= War Music (poem) =

Project of British poet Christopher Logue

War Music is the working title of British poet Christopher Logue's long-term project to create a modernist poem based on Homer's Iliad, begun in 1959. It was originally the name of the first volume of that project, uniting the separately completed Patrocleia (Book 16), GBH (Books 17/18) and Pax (Book 19), which was published in 1981. In 2001, the further sections Kings and The Husbands were added, covering Books 1–4. It was followed by two additional sections, All Day Permanent Red (2003) and Cold Calls, the latter of which won the 2005 Whitbread Poetry Award.
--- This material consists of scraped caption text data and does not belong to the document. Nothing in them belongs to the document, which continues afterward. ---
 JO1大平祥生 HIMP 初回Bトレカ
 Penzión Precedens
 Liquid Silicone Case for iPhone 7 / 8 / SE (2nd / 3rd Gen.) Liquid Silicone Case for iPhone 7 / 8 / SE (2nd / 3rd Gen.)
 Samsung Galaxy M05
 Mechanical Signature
These were founded on Books 5–9 and were collected with the former sections, still under the collective title War Music, in 2016. Also added to this volume was an appendix with Logue’s notes and drafts-in-progress for further episodes.

Logue's work created controversy among classicists since Logue did not know Ancient Greek and instead based his work on other translations of the Iliad and on a word-for-word crib provided by Classical scholar Donald Carne-Ross, who first proposed the project to Logue for the BBC. The new version was given a modernist, Imagist style and omits most of Homer's notable stylistic features for a looser structure. The plot and characters are altered in many minor points. Logue's performance is also distinguished by colloquialism and strikingly anachronistic images.
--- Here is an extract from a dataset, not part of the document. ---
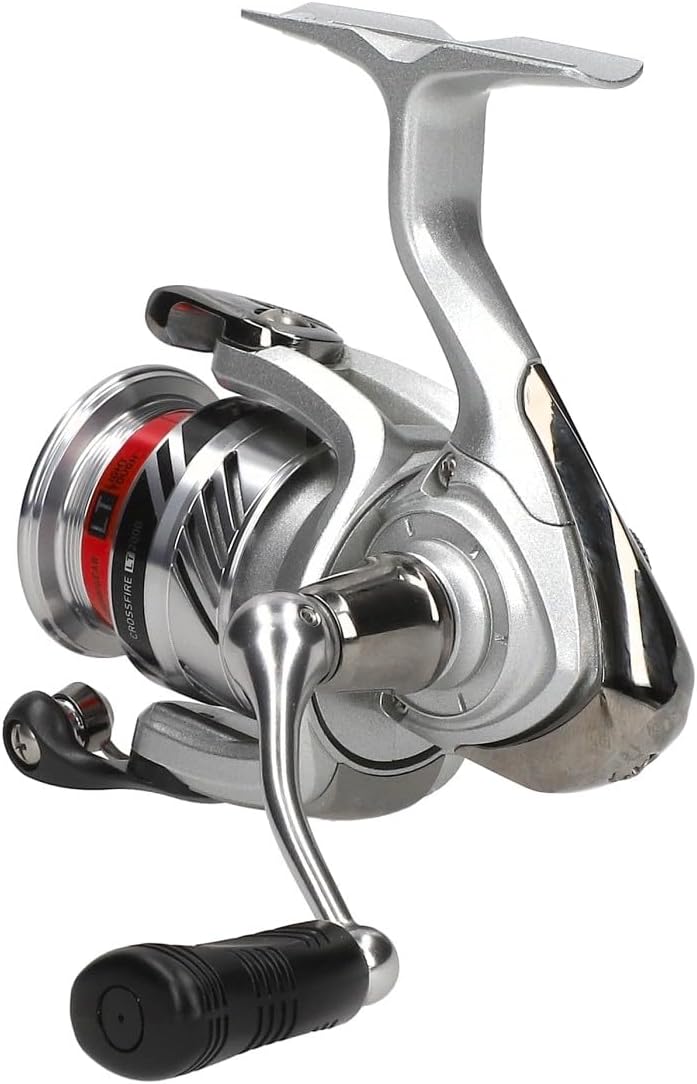 Angelset Spinncombo Daiwa Ninja Spin 2,40m / 15-50g mit Shimano Rolle FX 2500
In June 2001, Verse Theater Manhattan (VTM) presented a two-man production of "Kings", adapted and directed by James Milton. In September 2001, VTM opened a production of "War Music" featuring a cast of three women and also adapted and directed by Mr. Milton. The production, in Greenwich Village, closed down because of the 9/11 attack but was revived and went on to play tours of both the Midwestern United States and the United Kingdom. American playwright Lillian Groag was commissioned by the American Conservatory Theater of San Francisco, California, to write a musical play based on the material. Groag directed and premiered the play, also called War Music, at the ACT in early 2009.
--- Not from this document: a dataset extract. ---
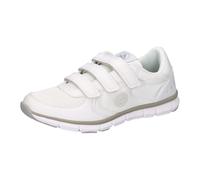 Jako Unisex Freizeitschuhe Comfort Mesh 5401-728 45 White/Vapor Grey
American composer Nathan Currier worked on a version of War Music for actors, baritone singer, and mixed ensemble, in collaboration with Christopher Logue, from 2003 until dementia overtook Logue in 2005. Originally commissioned for a premiere in Providence, Rhode Island, by a group called Aurea, with support from the Rhode Island Foundation, the premiere was to have taken place in September 2005 as part of a festival called FirstWorks, but disagreements with the ensemble led to its cancellation, and the work has not been premiered.